Her ihtimale karşı Il Han’ın bu bariyere geldiğinden beri yaptığı ekipmanların her birini kontrol etti ama tahminleri tamamen doğruydu. Tüm ürünler nadir veya daha üst sıralarda yer alıyordu.

Belki de Dünya’da saçma sapan bir insan olduğu için Dünya’da çeşitli çılgın olaylar meydana geldi ya da Spiera onu izlerken ciddi ciddi düşündü.

Üretime bu kadar odaklandığı için Il Han, metali rafine etmeye devam ederken Spiera’nın bakışlarının üzerinde olduğunun farkında bile değildi.

*Clang*, *clang* , *clang*.

Ebedi Alev, çekiç sesinin ritmine göre dans etti. Efsanelerde tasvir edilenden çok da uzak olmayan bir sahneydi.

Yu Il Han’ın ciddi çalışan figürü son derece güzeldi. Spiera’nın kişisel olarak erkeklerle hiçbir ilgisi yoktu ama Il Han’ın çalışan figürünün bir sanat eseri olarak takdir edilmeye değer olduğuna karar verdi.

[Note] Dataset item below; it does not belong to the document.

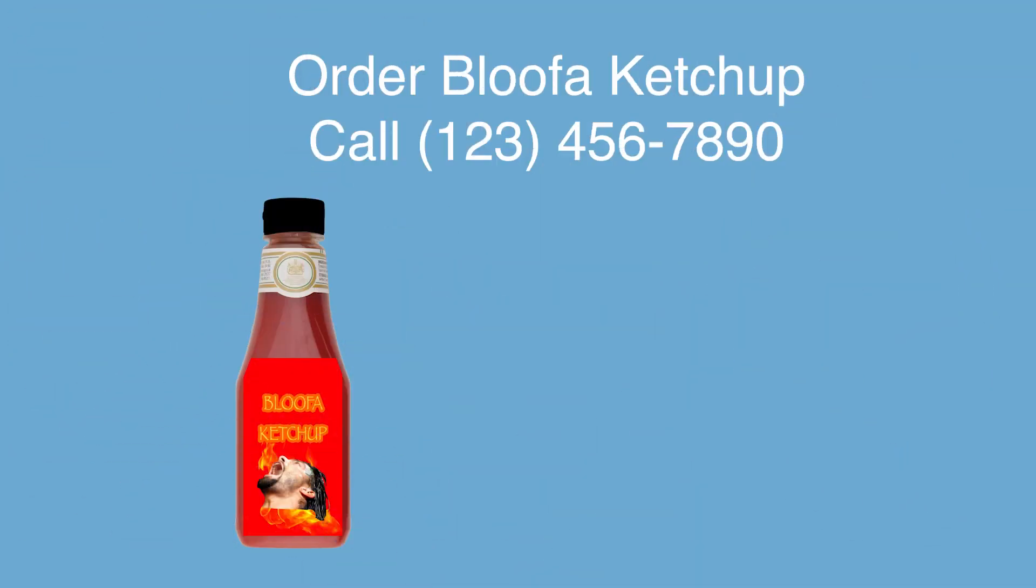IT'S PHONE ORDER ONLY! ORDER IT NOW! OR FACE CERTAIN DEATH AND DESTRUCTION! BLOOFA KETCHUP!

[Yüce varlıkların kalplerini sallamaya gerçekten yetersin. Bir mucize izlemekten farkı yok…] (Spiera)

Spiera mırıldanarak meşgul Liera ve Erta’ya baktı.

Kendileri farkında olmasalar da Il Han’la tanıştıktan sonra daha fazla duyguya sahip oldular ve hatta daha hızlı geliştiler.

Eğer onlar Dünya’nın özelliklerinden dolayı böyle olmuşlarsa, bu yanlış olur, çünkü Dünya’ya gönderilen diğer melekler de eskisinden farklı değildir. Eğer öyleyse, geriye kalan tek unsur, onlarla temasa geçen Yu Il Han’dır.

Spiera’nın Il Han’ın ortağı olmaya gönüllü olmasının nedeni, bunun arkasındaki nedeni de öğrenmekti.

Şimdilik tek bir şey için endişeleniyordu. O da çok hızlı ilerleyen Liera ve Erta gibi daha güçlü olmak istiyordu ama Il Han’ın Yu’ya yakın olmasının yeterli olup olmadığını merak ediyordu.

[*İnliyorum*, şimdilik yapabileceğim bir şey yok, bu yüzden sadece izleyebilirim.] (Spiera)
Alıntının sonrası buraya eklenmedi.